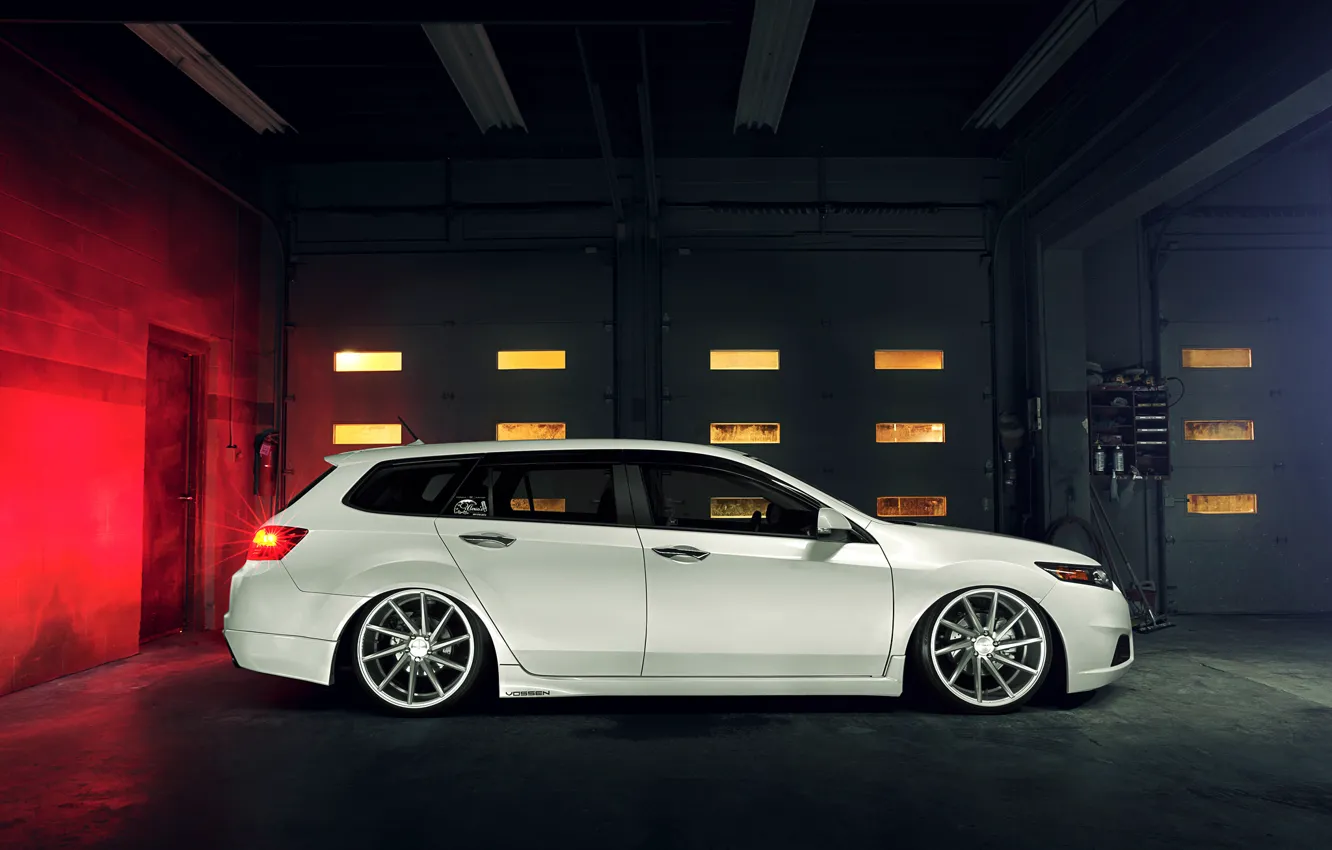 Photo wallpaper tuning, profile, white, white, Honda, Honda, vossen, Acura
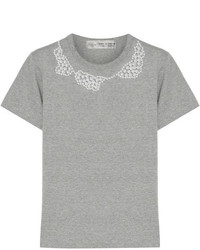 Comme des Garcons Comme Des Garons Comme Des Garons Jupe By Jackie Faux Pearl Embellished Cotton Jersey T Shirt Gray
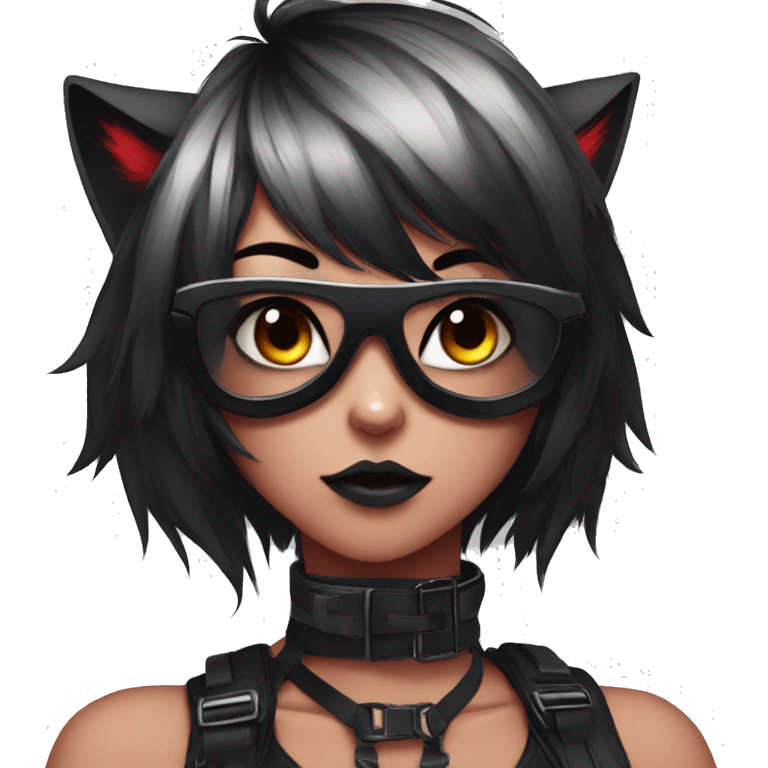 Anthro Edgy Cool Beautiful Black Cat-Fursona with Emo Hair-bangs with Red Streaks Chest Harness emoji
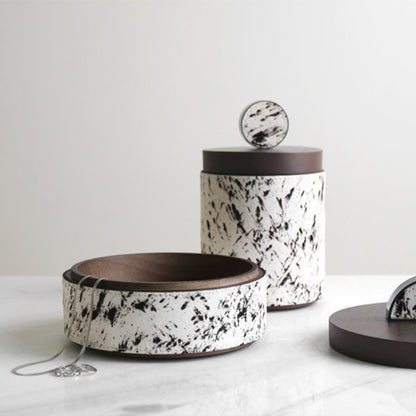 Horse Hair Solid Wood Round Jewelry Box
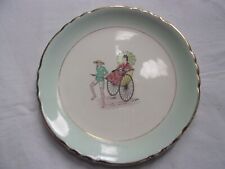 assiette ancienne St Amand les eaux pousse-pousse, décor chinois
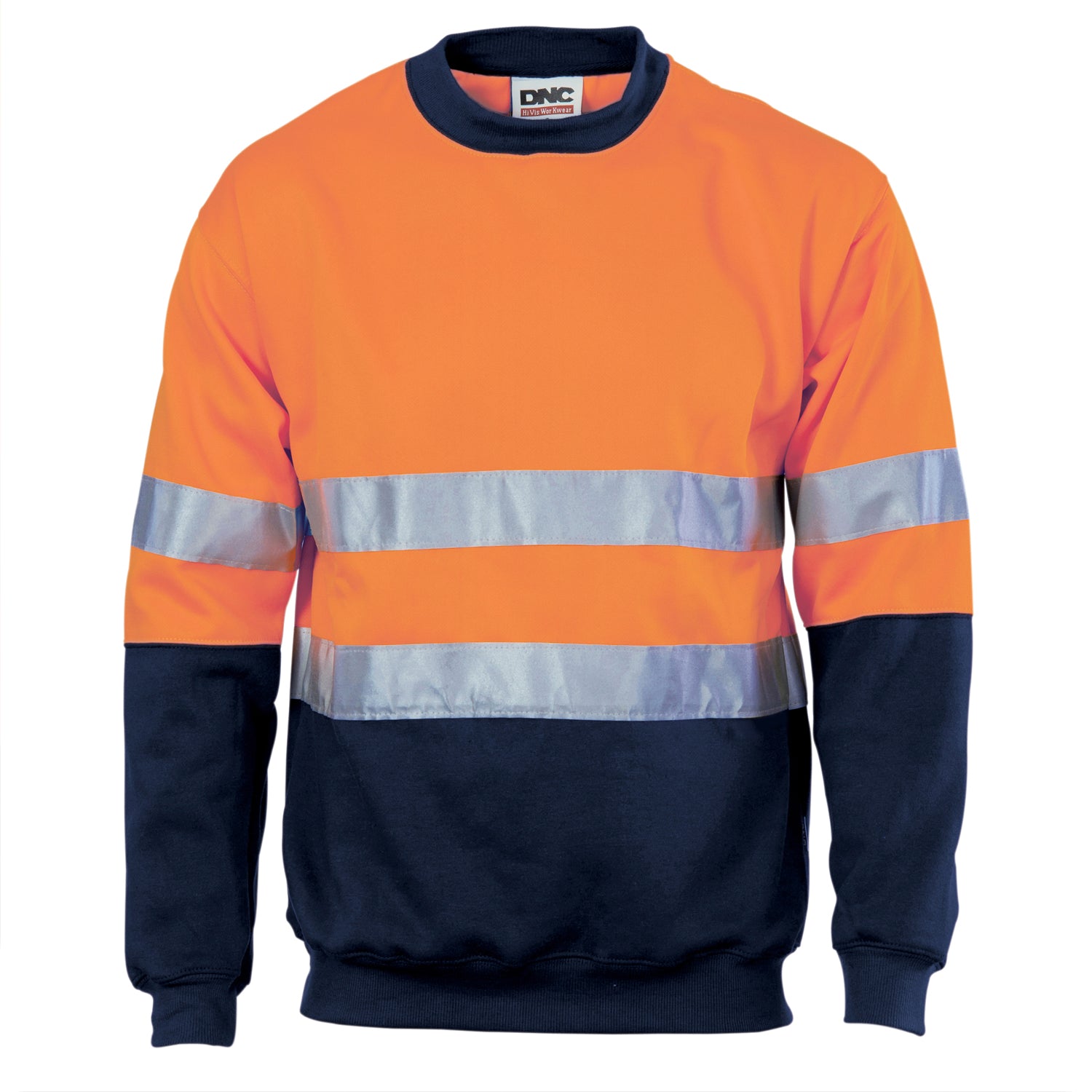 HiVis Two Tone Fleecy Sweat Shirt (Sloppy Joe) with CSR R/Tape Crew-NeDNCTone Fleecy Sweat Shirt (Sloppy Joe)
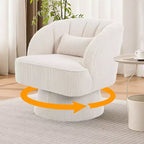Fauteuil pivotant - Fauteuil moderne en velours avec dossier rayé et rembourrage moelleux, fauteuil lounge rond pour salon, chambre à coucher
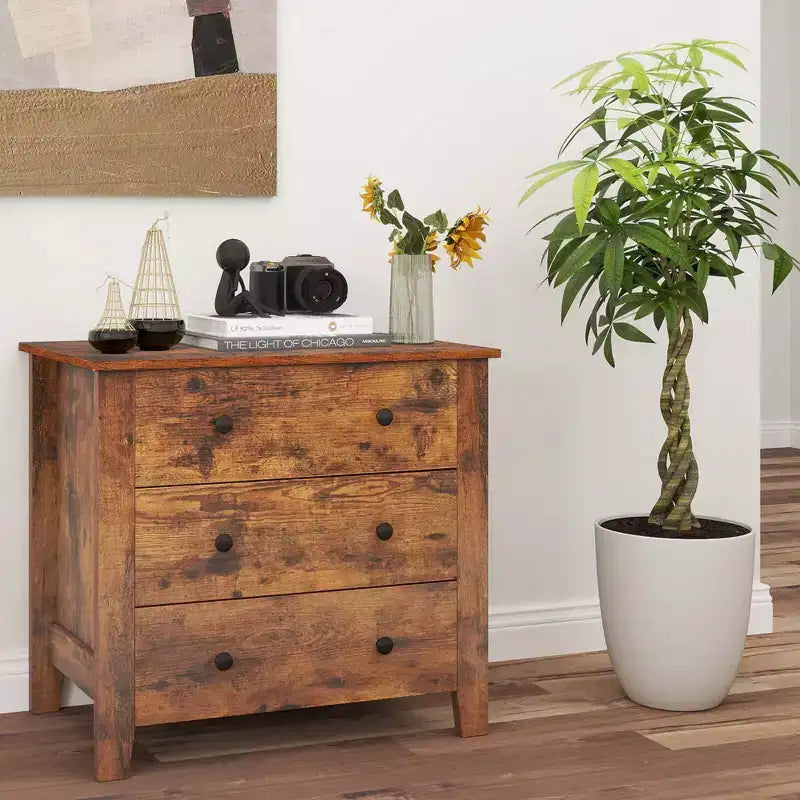 2 commodes à 3 tiroirs avec poignées pratiques, rails de guidage lisses, table d'appoint Noyer/Brun
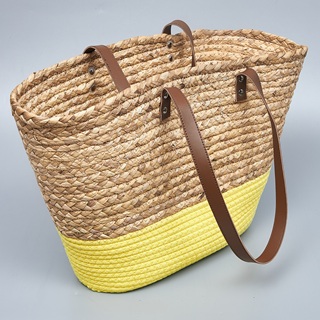 Корзина плетеная 50*17*30, рогоз/текстиль, желтый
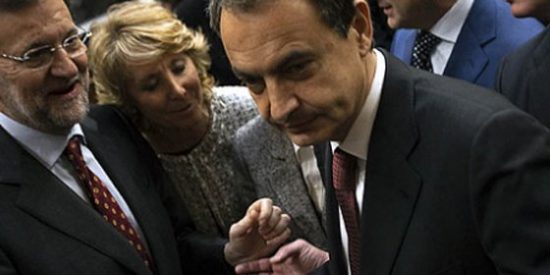Zapatero y Rajoy se saludan fr&iacute;amente tras el homenaje del Congreso a las v&iacute;ctimas del 11-M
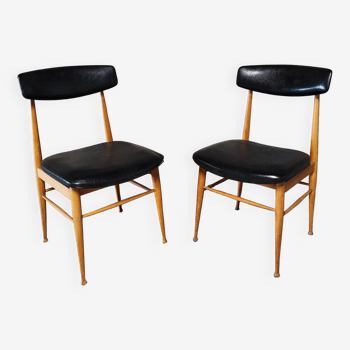 Pair of Scandinavian teak and skai chairs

### THE PROBLEM
Leaving out all pictures, retype exactly the lines that run from the one containing "2 commodes à" through the last line of the material.

### WRITTEN RESPONSE
 2 commodes à 3 tiroirs avec poignées pratiques, rails de guidage lisses, table d'appoint Noyer/Brun
 Корзина плетеная 50*17*30, рогоз/текстиль, желтый
Zapatero y Rajoy se saludan fr&iacute;amente tras el homenaje del Congreso a las v&iacute;ctimas del 11-M
 Pair of Scandinavian teak and skai chairs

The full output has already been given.